Sceneario.com: Pouvez vous vous présenter? (études, parcours professionnel…)
JD Morvan:JD Morvan, scénariste de BD. Bac A3, institut saint-Luc section BD quitté avec pertes et fracas pour incompatibilité de vision avec les profs. C’est ce
qui m’a poussé à demander à mes amis s’ils n’avaient pas envie d’illustrer
certains de mes scénarios (je ne me sentais pas encore au point au dessin,
et c’est donc comme ça que j’ai finalement arrêté de dessiner). Et je suis
allé les montrer à des éditeurs, et c’est Zenda qui a dit oui pour Reflets
Perdus, mon premier album avec Sylvain Savoia. Du coup je ne suis plus allé
aux beaux arts de Bruxelles où j’étais inscrit et ils m’ont viré.

Sceneario.com: La bande dessinée abordée par Morvan, c’est du polar (Al Togo), de l’héroic Fantasy (Troll), de la bd jeunesse (Merlin), la sf (TDB, Sillage, HK) etc… quel est votre genre préféré ?

JD Morvan: Je n’ai pas de genre préféré. Je crois qu’on peut raconter des choses
intéressantes dans tous les genres.
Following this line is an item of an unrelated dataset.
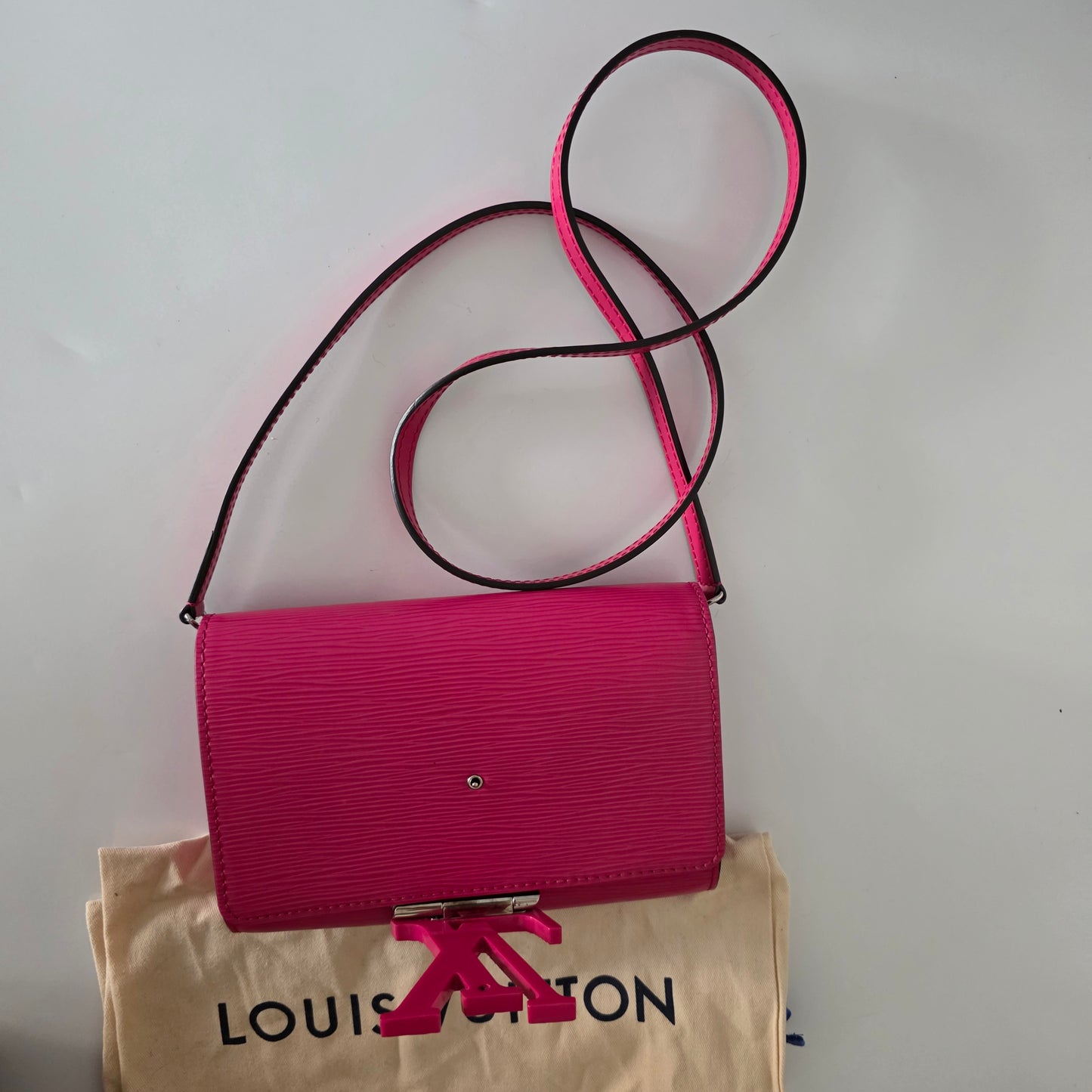 Sac à rabat Louise Epi Louis Vuitton rose Sac de soirée compact
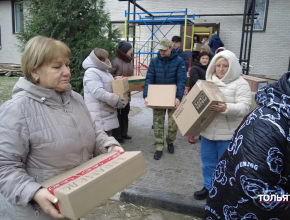 Тысячи тольяттинцев подключились к сбору гуманитарной помощи. Среди них – и вазовцы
Et, contrairement à une idée reçue que
j’entends souvent, je crois qu’une histoire n’est vraiment forte que quand
elle ne peut se dérouler que dans l’univers pour laquelle elle a été écrite.
Le problème des genres, c’est qu’ils sont souvent des palliatifs à
l’imagination. Ainsi pour certains, héroïc Fantasy = quête, Western =
vengeance etc. Il faut creuser plus que ça pour aboutir à de bonnes
histoires, je crois. Essayer de s’échapper de la première idée, parce que
c’est celle que tout le monde a.

Sceneario.com: En matière de thèmes, quel est celui qui vous tient le plus à coeur, pourquoi, et l’avez vous déjà envisagé en bande dessinée ?

JD Morvan: J’ai la chance de n’écrire que des histoires qui me touchent. Je ne fais pas, et n’ai jamais fait d’albums « alimentaires ». Aussi tous les thèmes que
j’approche me plaisent, et j’ai le même plaisir (et la même difficulté) à
tous les écrire. Même les adaptations de romans sont excitantes,, parce
qu’elles posent d’autres questions scénaristiques.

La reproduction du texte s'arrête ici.